Furthermore, a combination of various structures can be employed to promote the advantages and weaken the disadvantages of a single structure [21,22,23,24]. Ghani et al. [22] proposed a novel MCHS with sinusoidal cross-mark cavities and rectangular ribs. The results showed that the thermal performance of an a novel MCHS with sinusoidal cross-mark cavities and rectangular ribs (MC-SCRR) was the most superior owing to the combination of two important features: a significant reduction of the pressure drop and an increase of the flow turbulence. More interestingly, a new scheme for an MCHS with wavy porous fins was proposed by Lu et al. [25] for reducing the pressure drop and thermal resistance simultaneously. The remarkable reduction in the pressure drop came from the combination of the permeation and slip effects. The heat transfer enhancement was attributed to the combination fluid mixing using a Dean’s vortex and the forced permeation via a jet-like impingement. Sidik et al. [24] summarized that the passive structures that normally improved the heat transfer performance were: the channel curvature, surface roughness, flow disruption, out-of-plane mixing, secondary flow, re-entrant obstruction, and fluid additives. In general, the mechanisms used to enhance the heat transfer in an MCHS include: intensifying the chaotic convection, interrupting the thermal boundary layer, enlarging the cooling area, and improving the thermal conductivity of the working medium.
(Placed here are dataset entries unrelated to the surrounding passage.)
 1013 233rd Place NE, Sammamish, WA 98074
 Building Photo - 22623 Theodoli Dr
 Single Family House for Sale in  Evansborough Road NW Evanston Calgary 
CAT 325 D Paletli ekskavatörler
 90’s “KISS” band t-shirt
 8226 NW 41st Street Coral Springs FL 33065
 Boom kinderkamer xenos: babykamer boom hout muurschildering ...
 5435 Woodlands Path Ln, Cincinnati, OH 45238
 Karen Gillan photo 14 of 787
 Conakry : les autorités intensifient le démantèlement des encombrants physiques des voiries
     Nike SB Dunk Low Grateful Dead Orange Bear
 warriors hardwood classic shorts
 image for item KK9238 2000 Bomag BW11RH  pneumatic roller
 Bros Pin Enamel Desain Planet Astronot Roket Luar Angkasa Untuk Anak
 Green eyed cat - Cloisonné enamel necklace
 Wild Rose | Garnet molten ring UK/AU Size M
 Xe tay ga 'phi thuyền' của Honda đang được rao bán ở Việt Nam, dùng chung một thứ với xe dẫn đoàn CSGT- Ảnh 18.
A nanofluid with favorable thermal conductivity can be employed as a working medium. On the basis of a micromechanical analysis, Buongiorno [25] concluded that the most important slip mechanisms between the nanoparticles and fluids are Brownian motion and thermophoresis. In addition, a two-component and four-equation model was established. Minea et al. [26] numerically investigated the convective heat transfer characteristics using an Al₂O₃-water nanofluid and indicated that the heat transfer coefficient increased from 3.4% to 27.8%. Mohammed [27] investigated the heat transfer of a trapezoidal MCHS using different nanofluids and substrate materials and indicated that a glycerin-based nanofluid has a greater heat transfer coefficient for a substrate heat sink. Fani [28] considered the size effects of spherical nanoparticles on the thermal performance and pressure drop of a CuO-water nanofluid in a trapezoidal MCHS. The results signified that the heat transfer decreases with an increase in particle size, and the decrease is greater when the volume fraction is larger.

It is necessary to uncover the microscopic mechanisms of heat transfer enhancement in an MCHS to improve the thermal performance of MCHSs used in microdevices. Based on the mechanisms mentioned above, a micro-array heat sink (MAHS) with staggered trapezoidal bumps (STBs) was designed to intensify the chaotic convection, to interrupt the thermal boundary, and to enlarge the cooling area. An Al₂O₃-water nanofluid was employed as a working medium with a high thermal conductivity. In order to fully understand the mechanisms and improve the heat transfer performance, numerical simulations were carried out to be certain of the flow pattern in the MAHS and to evaluate the heat transfer performance using the Nusselt number at an identical pump power.

2. Geometric Model

Based on the above comprehensive analysis, an MAHS with stagger trapezoidal bumps arranged on both the top and bottom substrates was designed (Figure 1). To decrease the computational cost, a 4 × 4 trapezoidal bump array was arranged on both substrates. The length, width, and height of the MAHS were 6000 μm, 1200 μm, and 400 μm, respectively. Therefore, L1 × W = 4800 μm × 1200 μm represented the heating area, and the power density on the bottom substrate was 100 W/cm². The thickness of the bottom substrate was set to be 100 μm by considering the solid–liquid conjugated heat transfer. Both the inlet and outlet were located on the upper substrate, and the diameters of the inlet and outlet were set to be 330 μm.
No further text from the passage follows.